Data for processing:
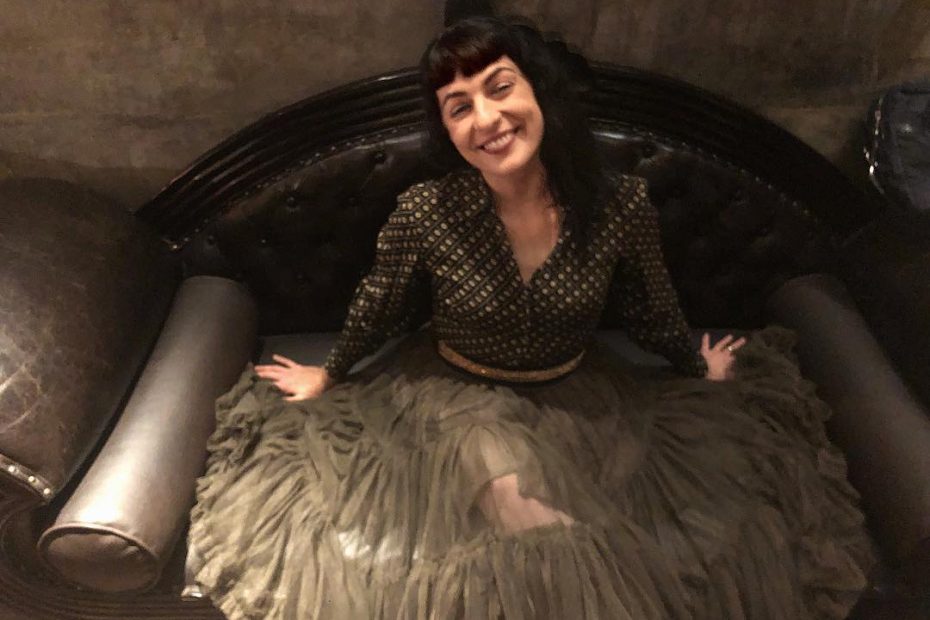 roser amills retrato en bali spirit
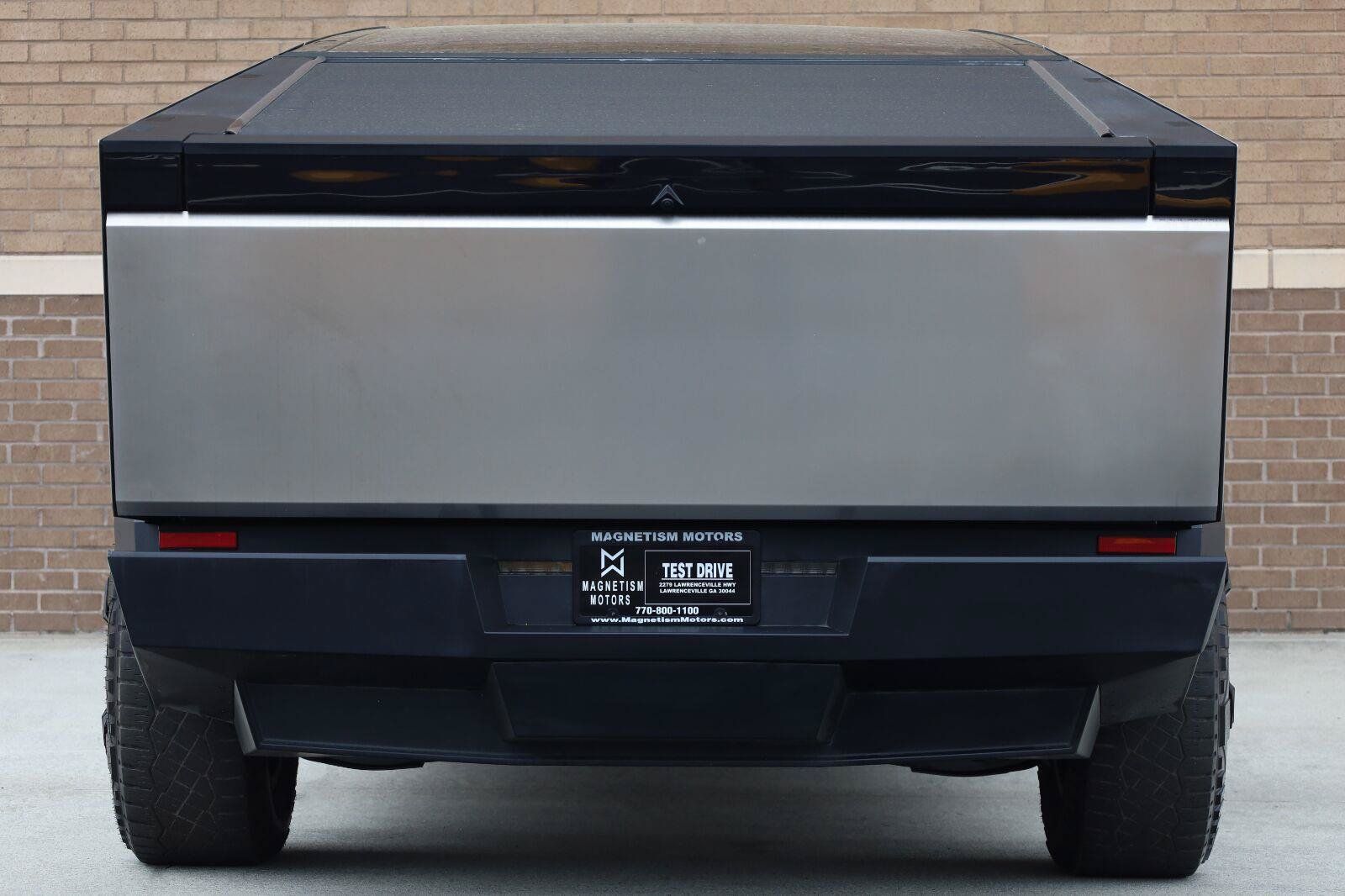 Used 2024 Tesla Cybertruck AWD Crew Cab image 10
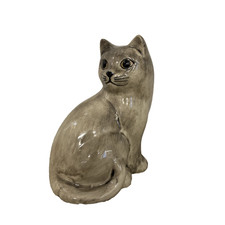 Q Quail Pottery Cat Figurine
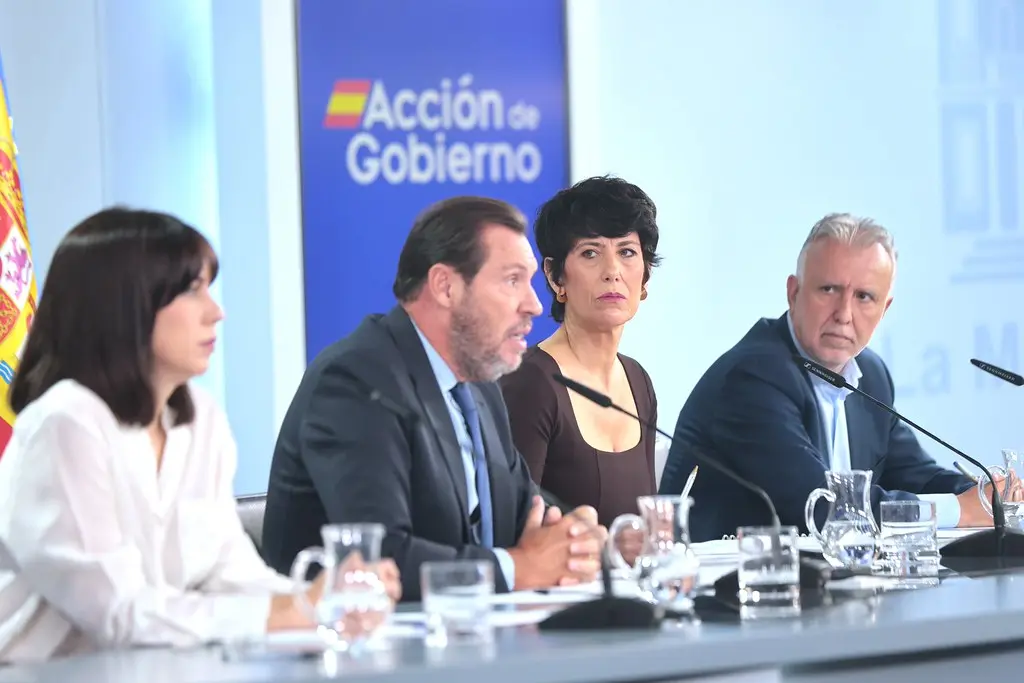 Puente acusa a Vivas de sabotear la gestión migratoria en Ceuta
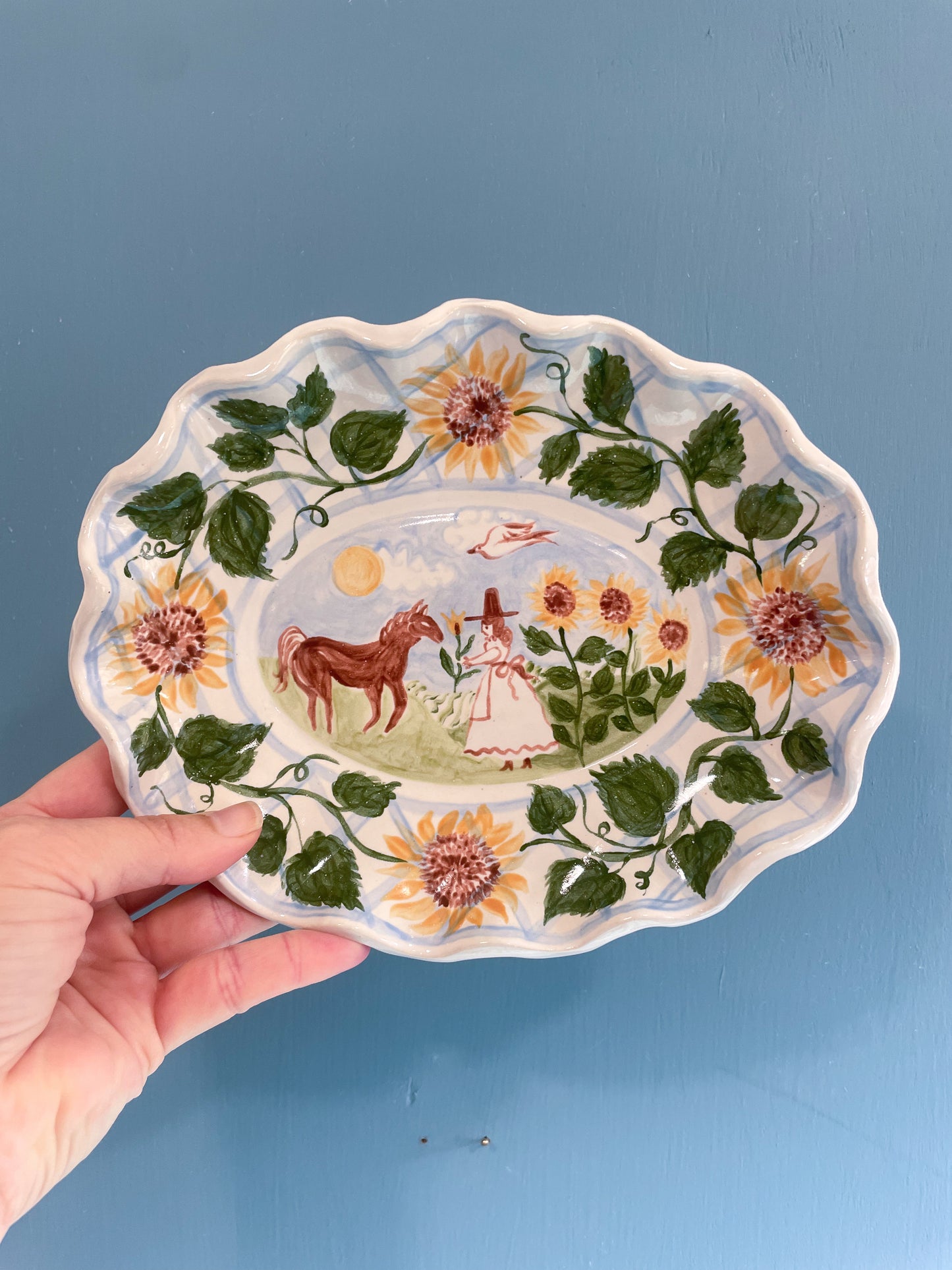 Fluted folk scene platter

Your instructions: Each record above, in full: return it exactly, pictures excluded.

Solution:
 roser amills retrato en bali spirit
 Used 2024 Tesla Cybertruck AWD Crew Cab image 10
 Q Quail Pottery Cat Figurine
 Puente acusa a Vivas de sabotear la gestión migratoria en Ceuta
 Fluted folk scene platter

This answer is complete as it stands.